With roughly 100 million global active users, Roblox understands that its success relies on healthy and scalable infrastructure. And that means having a healthy and scalable observability solution.

Over the past two years, the Roblox team has made significant changes to its observability platform – including telemetry metrics, logging, and tracing – resulting in memorable migration stories, some hard-earned lessons, and a great vision for the future. Join Director of Engineering Xiaofeng Han and Principal Engineer Ying Dai as they cover the journey of evolving observability and engineering practices at Roblox, collaborating with Grafana Labs while adopting Grafana for visualizing metrics and logs and Grafana Tempo for traces, and changing the culture at Roblox for the better.

Xiaofeng Han

Xiaofeng Han

Director of Engineering at Roblox

Xiaofeng Han is currently the head of observability at Roblox. He leads a team of 20+ engineers to work on a wide range of monitoring, alerting, and debugging infrastructures.
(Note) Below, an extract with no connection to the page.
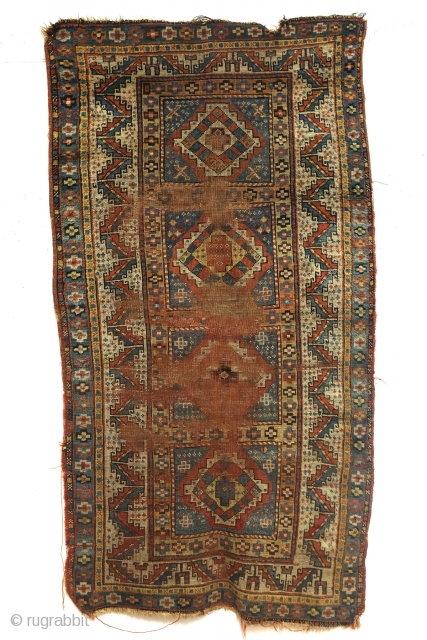 Karabach, 1900 - 1915, beautifully worn rug. 190 x 101 Cm. 
Border with Zoroast symbols, fire and fire torch. 
             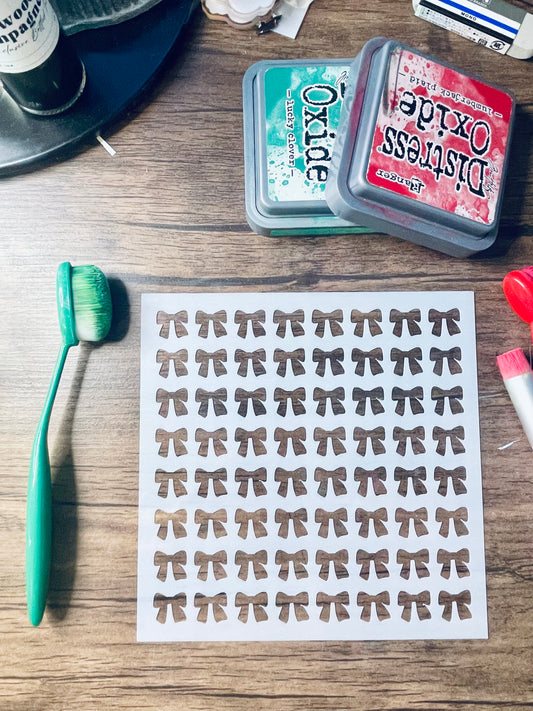 A sheet of small bow-shaped stickers or decals laid on a wooden surface, surrounded by craft supplies including two Distress Oxide ink pads, a green-handled brush, and other tools.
He is very passionate about bringing intelligence into the observability domain to deliver the full potential and insights of the observability data. Before Roblox, Xiaofeng had been working with Google for 10 years where he led the tools and infrastructure teams to support Google SearchAds org. Xiaofeng obtained his Ph.D. degree from the University of Delaware in Computer Science. He authored and co-authored more than 10 highly referenced research papers on engineer efficiency and optimization in wireless networks. Xiaofeng is currently living in San Jose with his wife and 14-year old son Grant. He enjoyed various outdoor events and building robots with his son.

Ying Dai

Ying Dai

Principal Engineer at Roblox

Ying Dai is currently a principal engineer at Roblox leading the Telemetry team, with the mission of building a unified telemetry platform for all Robloxians that is scalable, secure, easy to use, and provides actionable insights into how we are operating.